It can be challenging for contemporary individuals like ourselves to approach historical literature with enthusiasm. The past seems stagnant, even boring for many millennials who are accustomed to the instant gratification bestowed by 21st century technology. Historical texts, too, are often stereotyped in ways that seem, to a curious extent, resemblant of their authors themselves: mundane, long-winded, unrelatable. Perhaps a little dusty.

Please do be mindful of these labels. Contrary to popular assumption, historical literature can teach us many things – most evidently that people living in the Middle Ages were just as odd and immature as we are now. As you read on, channel your inner middle-school self; the following few lessons in literary history may suddenly make old-age literature feel peculiarly, eerily relatable.

1. The Exeter:

The Exeter is a wonderful old book, packed with cunning Anglo-Saxon riddles and poems. Yet its survival seems almost incidental, for after being relocated to the Cathedral Library in 1072, the anthology doubled as a beer mat and some sort of cutting-board. Scholars note that its front cover contains a multitude of liquid stains, knife marks and leftover cheese residue. The literary lesson here? Don’t judge a book by its cover.

As for content, The Exeter includes cultivated works of war, love, death and life. A small selection of its riddles, however, is where things become a little strange. One teaser in particular describes an object with “russet skin” that “[satisfies] women,” “grow[s] very tall” and becomes “erect in a bed.”

“What exactly is this object?” you’re probably asking. Historians claim an onion, for the bulbous vegetable grows tall in beds, has red-brown skin, and satisfies women, after all! Readers, on the other hand, wonder whether these scholars might just be trying to retain some dignity. Can you think of anything else that this “onion” might be?

2. The Ripley Scrolls:

Pictures are worth a thousand words, which perhaps explains why the Ripley Scrolls employ a series of images telling us how to manufacture the legendary Philosopher’s Stone. Dramatic inhale. According to folklore, the stone can do a myriad of charming tricks – turning lead to gold, for example – and supposedly contains, when mixed correctly, the very elixir of life.

For those not well-versed in the medieval sciences, or who haven’t read the Harry Potter books, do not fret, because the scrolls also contain some helpful written instructions: “You must make Water of the Earth, and Earth of the Air, and Air of the Fire, and Fire of the Earth.” Easy-peasy, right? Looks like baking day with grandma just got a little bit more exciting.

3. Sun-beams may be extracted from cucumbers, but the process is tedious:

Bearing the unwieldy title, “Sun-beams may be extracted from cucumbers, but the process is tedious.
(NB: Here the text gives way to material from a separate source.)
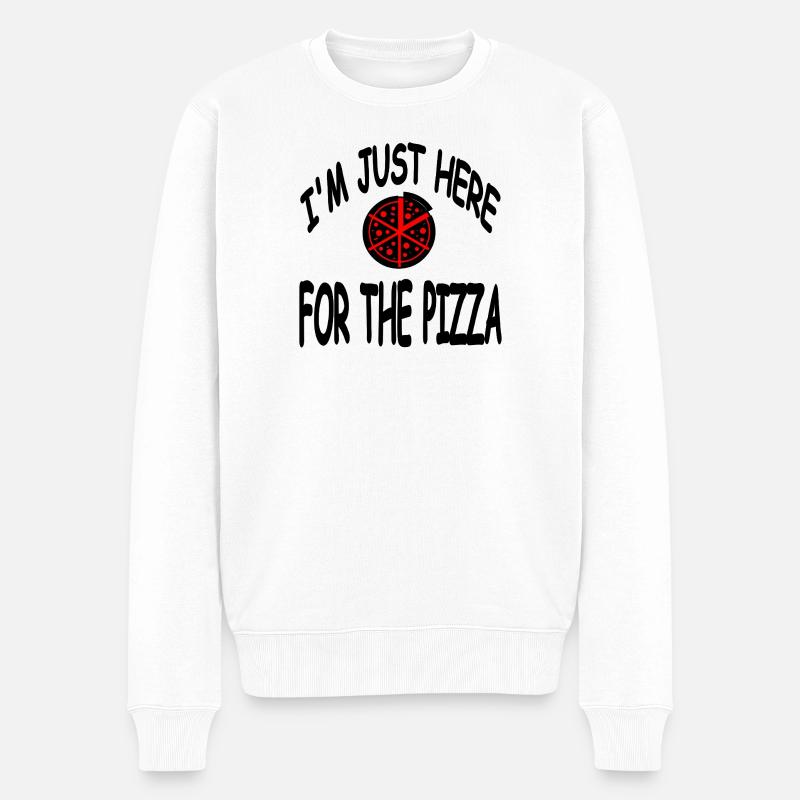 Pizza - Männer Premium Bio Pullover - Weiß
An oration, pronounced on the Fourth of July, 1799. At the request of the citizens of New-Haven. By David Daggett,” this work stretches the definition of “Middle-Ages” rather far. Yet such a stretch seems relatively reasonable given a) the length of its title and b) the content that it contains in relation to said title.

Far from the terrestrial gist its heading implies, “Sun-beams” was written as a reactionary statement to Thomas Jefferson regarding something he said that nobody seems to remember. Or, as one reviewer wrote, “[the text had] presumably little to do with cucumbers or sun-beams, which makes its extremely incongruous title all the more delightful.”

However, the text’s author, David Daggett, was a Federalist member of the Connecticut State Council in 1779 and served as mayor of New Haven prior to the paper’s composition. Why Daggett chose such a bizarre, long-winded heading, we truly cannot say, but perhaps his coffee was cold that morning, he stepped in a puddle on the way to work, a bee stung him or he was just having one of those days where he needed to yell, “YOLO!” at the top of his lungs, as his child drew cosmic cucumbers on the wall. Whatever his reasoning, the title’s sheer majesty – “Sun-beams may be extracted from cucumbers, but the process is tedious. An oration, pronounced on the Fourth of July, 1799. At the request of the citizens of New-Haven” – is probably enough to satisfy even the most inquisitive of individuals.